La historia en la escuela refleja una triste realidad que conozco: escuelas que “salen del problema” enviando a niños y niñas problemáticos a escuelas de conducta. Ese es solo el primer paso. Un vez allí, algunos profesores bien distintos al profe de la película a veces prefieren solucionar el tema trasladándolo a una Escuela de Formación Integral (EFI) donde el régimen disciplinario es más fuerte porque interviene el Ministerio del Interior. Y si en las EFI tampoco se logra el propósito educativo, esa niña o ese niño, cuando cumpla los 16 años y cometa algún hecho tipificado como delito o siga manifestándose agresivamente, irá a la cárcel. ¿Y de quién fue la culpa? Del padre, de la madre, del barrio y también de aquel maestro que se rindió u optó fácilmente por “salir del problema”.
Llantos en el cine, aplausos… sin dudas, la película conmueve. Y yo pensaba y pensaba: “al final, la historia de Chala no es tan triste”. Su novia “palestina” aprendió con su padre holguinero que debía ser la mejor del aula y no anda pensando en prostituirse cuando cumpla los 13 ó los 14 años. La madre del protagonista no lo golpea con un cinto, no lo obliga a beber ron, no lo lleva a deambular con ella. Yo conozco madres que sí. La maestra recién llegada no es vulgar, mal hablada o de conducta agresiva. También conozco maestras que sí.

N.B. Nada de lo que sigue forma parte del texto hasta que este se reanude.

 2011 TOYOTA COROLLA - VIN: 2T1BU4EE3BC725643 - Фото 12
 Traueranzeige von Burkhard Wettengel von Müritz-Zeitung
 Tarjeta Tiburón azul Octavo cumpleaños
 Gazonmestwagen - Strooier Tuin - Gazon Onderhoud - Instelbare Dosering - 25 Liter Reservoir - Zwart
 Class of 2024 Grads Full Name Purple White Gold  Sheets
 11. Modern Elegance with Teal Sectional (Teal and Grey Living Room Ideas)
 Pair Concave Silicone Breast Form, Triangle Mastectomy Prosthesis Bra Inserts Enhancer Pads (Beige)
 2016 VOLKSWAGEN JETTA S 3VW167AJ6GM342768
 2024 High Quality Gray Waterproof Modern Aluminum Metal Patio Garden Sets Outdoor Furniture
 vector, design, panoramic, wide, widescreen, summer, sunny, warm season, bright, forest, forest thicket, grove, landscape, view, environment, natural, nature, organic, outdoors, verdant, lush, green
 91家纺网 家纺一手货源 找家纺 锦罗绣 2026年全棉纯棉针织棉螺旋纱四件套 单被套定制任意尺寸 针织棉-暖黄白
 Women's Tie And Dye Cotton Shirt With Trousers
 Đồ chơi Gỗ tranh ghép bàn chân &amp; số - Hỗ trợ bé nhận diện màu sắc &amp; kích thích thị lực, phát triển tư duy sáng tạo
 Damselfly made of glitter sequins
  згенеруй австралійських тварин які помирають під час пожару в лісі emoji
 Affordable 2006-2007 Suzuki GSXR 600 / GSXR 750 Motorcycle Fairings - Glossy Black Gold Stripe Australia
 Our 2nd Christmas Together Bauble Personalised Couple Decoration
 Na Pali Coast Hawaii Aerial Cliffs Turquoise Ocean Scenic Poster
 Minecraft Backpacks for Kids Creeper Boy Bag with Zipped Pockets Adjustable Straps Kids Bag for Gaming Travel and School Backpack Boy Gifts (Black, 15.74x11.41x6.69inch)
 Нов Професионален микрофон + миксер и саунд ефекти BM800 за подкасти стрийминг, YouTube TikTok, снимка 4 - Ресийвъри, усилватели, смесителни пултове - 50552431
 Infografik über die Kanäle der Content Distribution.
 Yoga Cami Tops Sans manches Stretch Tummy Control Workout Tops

Al menos Chala, con 12 años, se faja a las manos y no usa “chavetas” o “cuchillos” como Junior; no quiere reunir para comprarse un “inyector” como Víctor; no arrebata o da puñaladas por entretenimiento como Juan Carlos; no tiene heridas que le atraviesen la espalda como Talía; no tiene que dormir en el piso como Elián; al menos, Chala está vivo… en cambio, Papote no.
Ninguno de estos 6 nombres pertenecen a la ficción, ninguno tampoco ha cumplido 16 años, Papote ni siquiera los cumplirá. Son niños reales que viven en Centro Habana, en Vertientes o en Holguín. Son niños y niñas que muchas veces no tienen la culpa de ser como son, no escogieron familias, ni barrios ¿cómo pedirles entonces que escojan su futuro?
Pensándolo bien, da igual que estás líneas se pierdan o no en el ciberespacio. Da igual que las lean mis amigos o no. En un final, para quien las escribo, los que me gustarían que las leyeran y reflexionarán a partir de una película que cuenta su realidad, nunca tendrán acceso a ellas. Ellos ni tienen Internet, ni les gusta leer, ni siquiera se tomarán la molestia de ir al cine, y lo peor y más grave, es que la mayoría de ellos no tienen ni tendrán nunca maestras como Carmela.